EXTRACTED INFORMATION below:
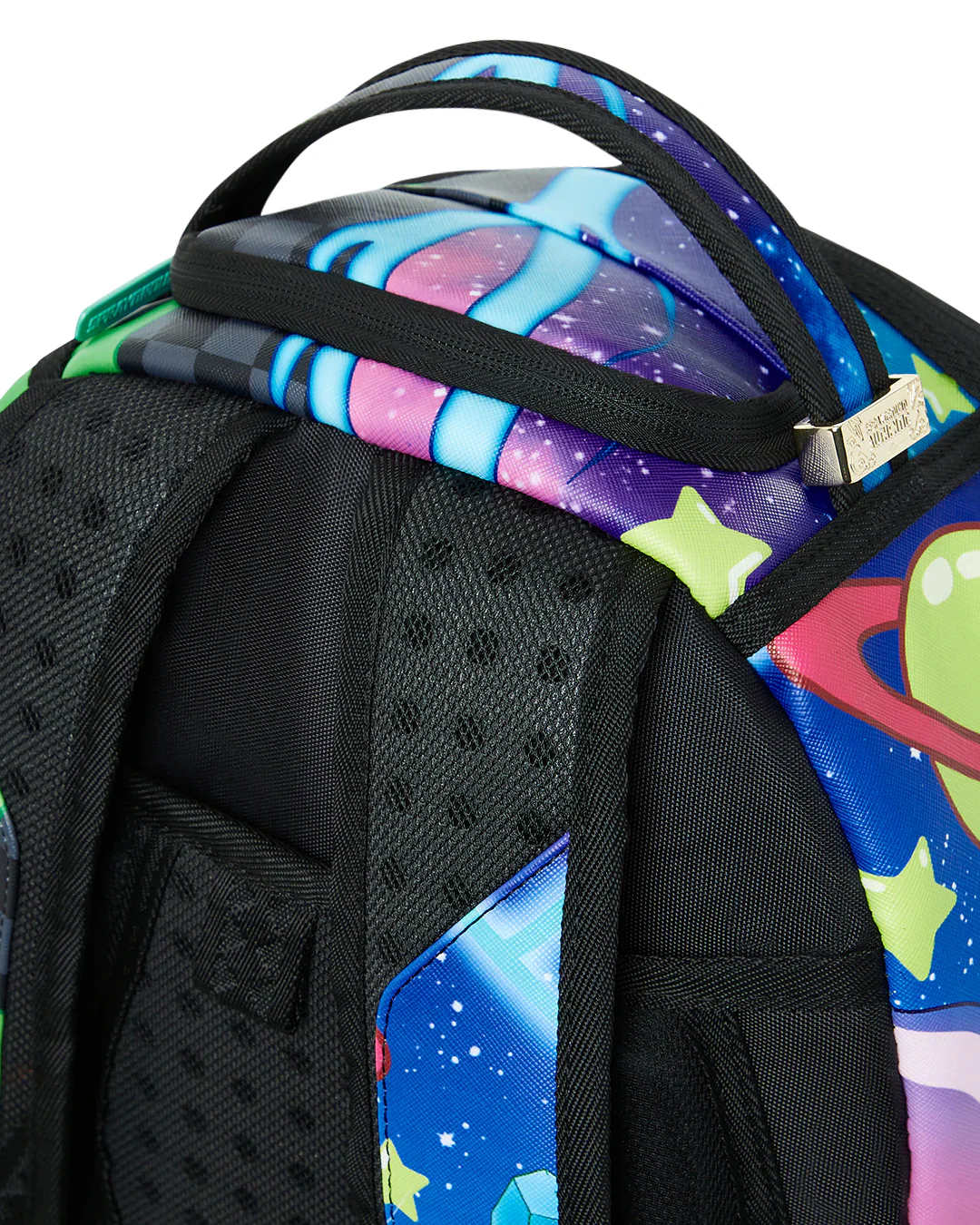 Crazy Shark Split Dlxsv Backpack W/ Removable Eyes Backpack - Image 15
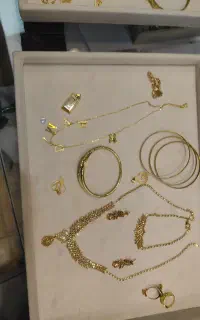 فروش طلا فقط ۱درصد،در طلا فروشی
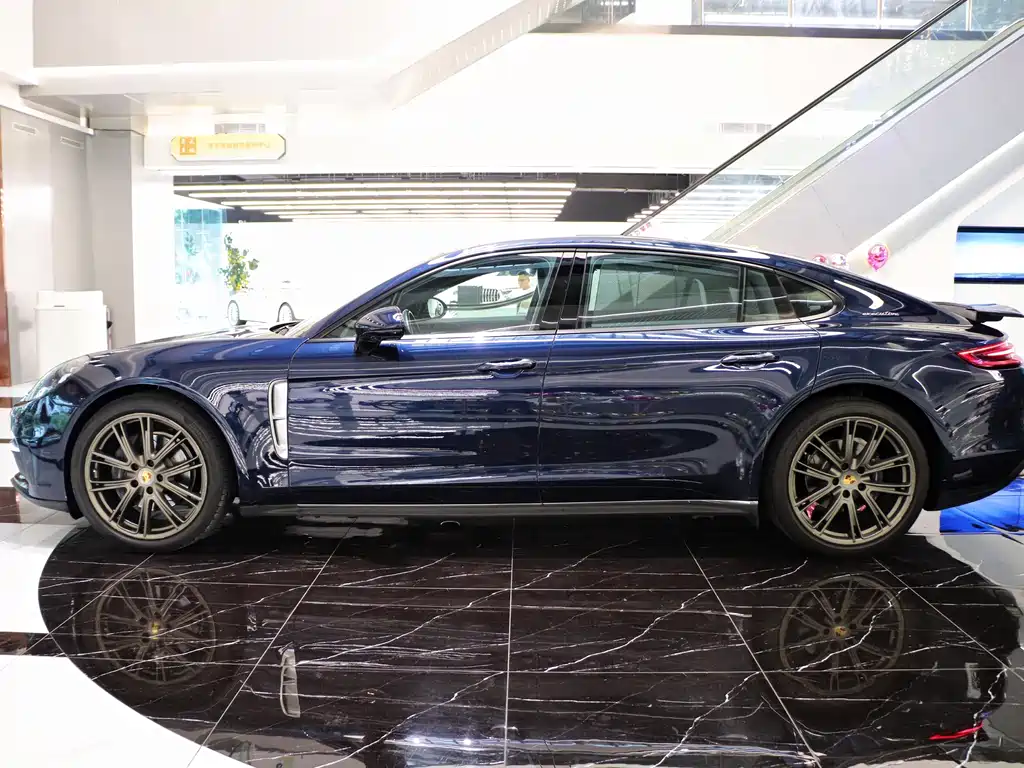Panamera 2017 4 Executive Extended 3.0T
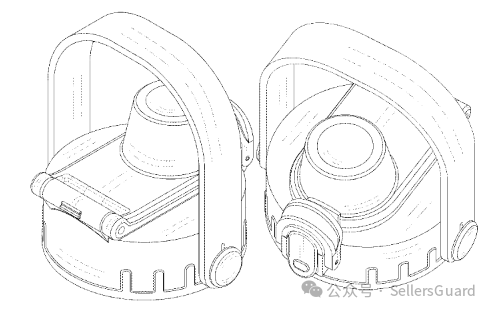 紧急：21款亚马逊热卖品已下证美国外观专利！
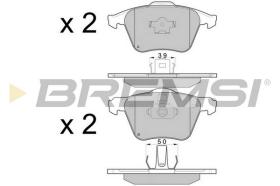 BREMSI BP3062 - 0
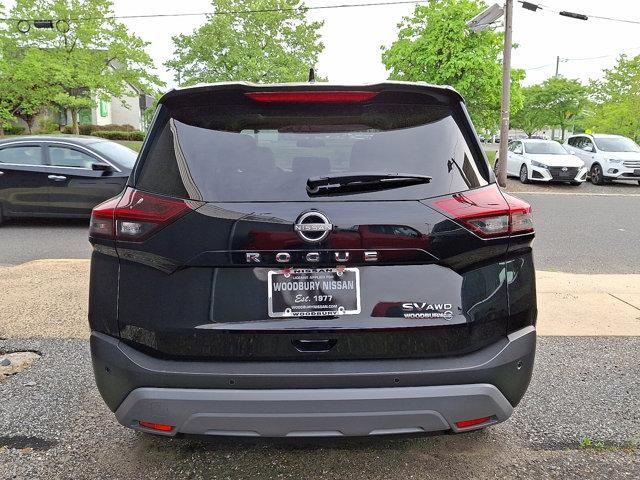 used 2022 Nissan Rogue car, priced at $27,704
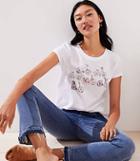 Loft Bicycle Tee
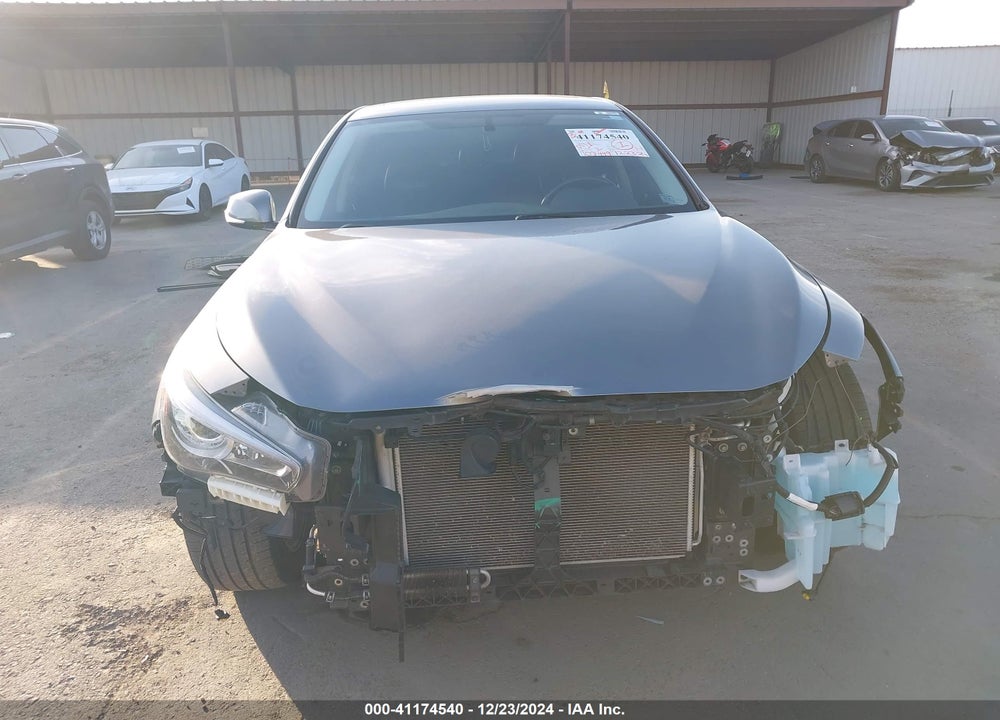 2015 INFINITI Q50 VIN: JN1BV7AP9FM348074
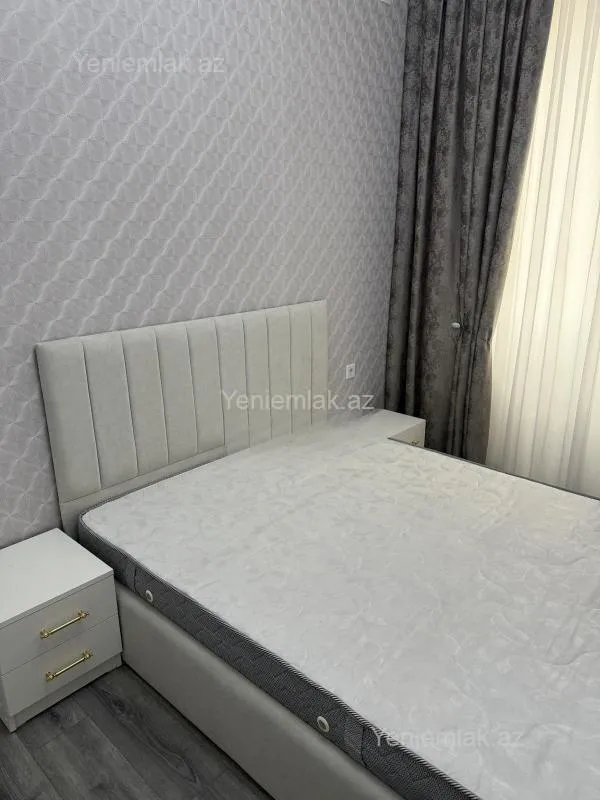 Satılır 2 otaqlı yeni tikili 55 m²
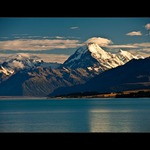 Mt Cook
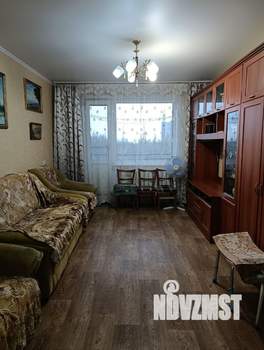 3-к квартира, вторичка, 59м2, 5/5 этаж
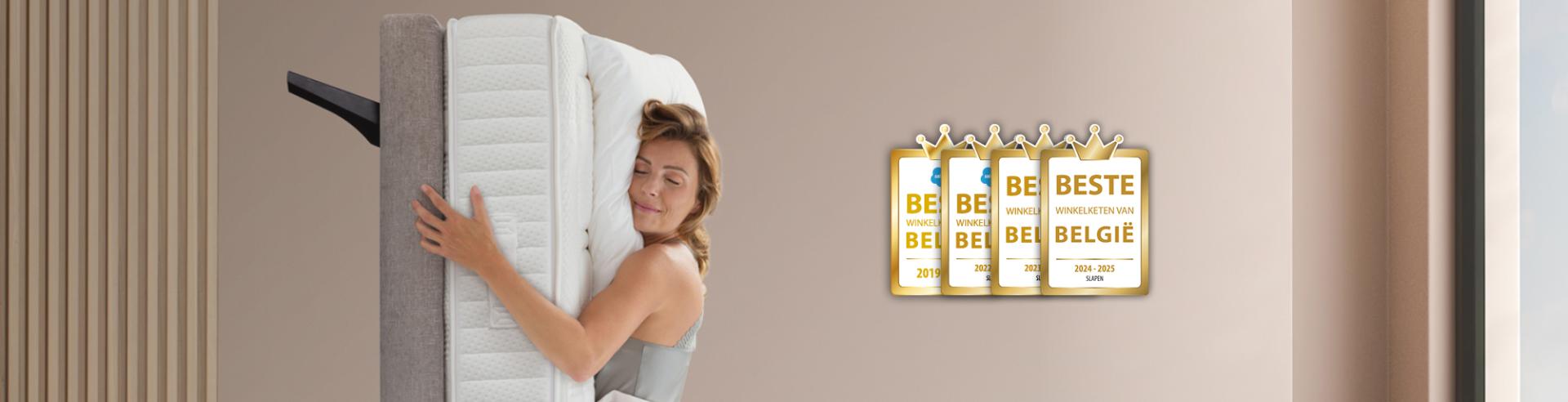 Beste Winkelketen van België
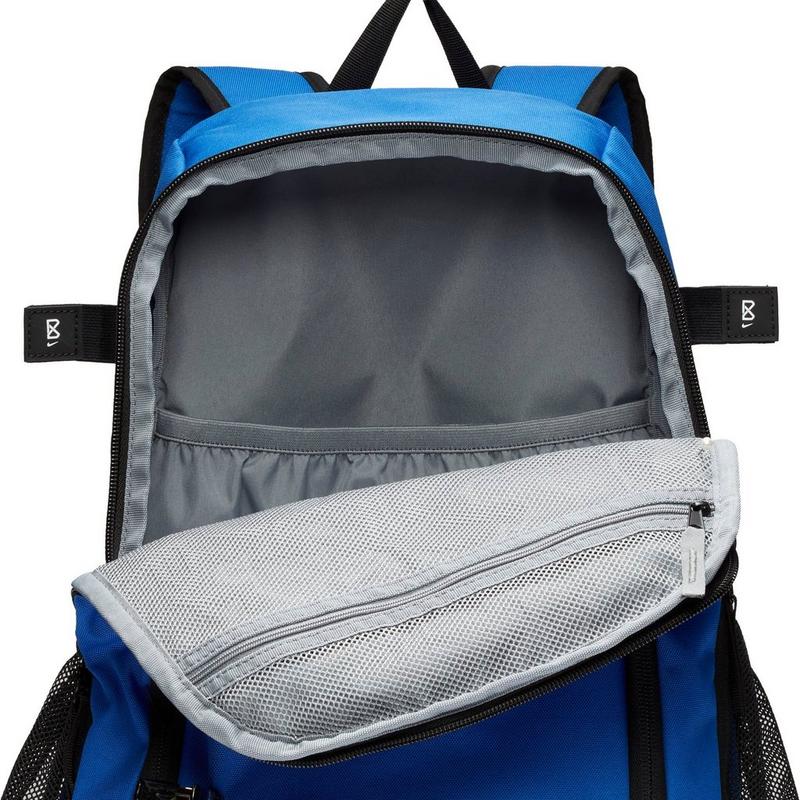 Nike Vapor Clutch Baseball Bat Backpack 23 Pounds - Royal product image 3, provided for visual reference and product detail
End of EXTRACTED INFORMATION.
▶ **TASK**: Reproduce the listing above from the line that holds "BREMSI BP3062 - 0" through the line that holds "Beste Winkelketen van België", both included, with the pictures left out.

▶ **TASK RESULT**:
 BREMSI BP3062 - 0
 used 2022 Nissan Rogue car, priced at $27,704
 Loft Bicycle Tee
 2015 INFINITI Q50 VIN: JN1BV7AP9FM348074
 Satılır 2 otaqlı yeni tikili 55 m²
 Mt Cook
 3-к квартира, вторичка, 59м2, 5/5 этаж
 Beste Winkelketen van België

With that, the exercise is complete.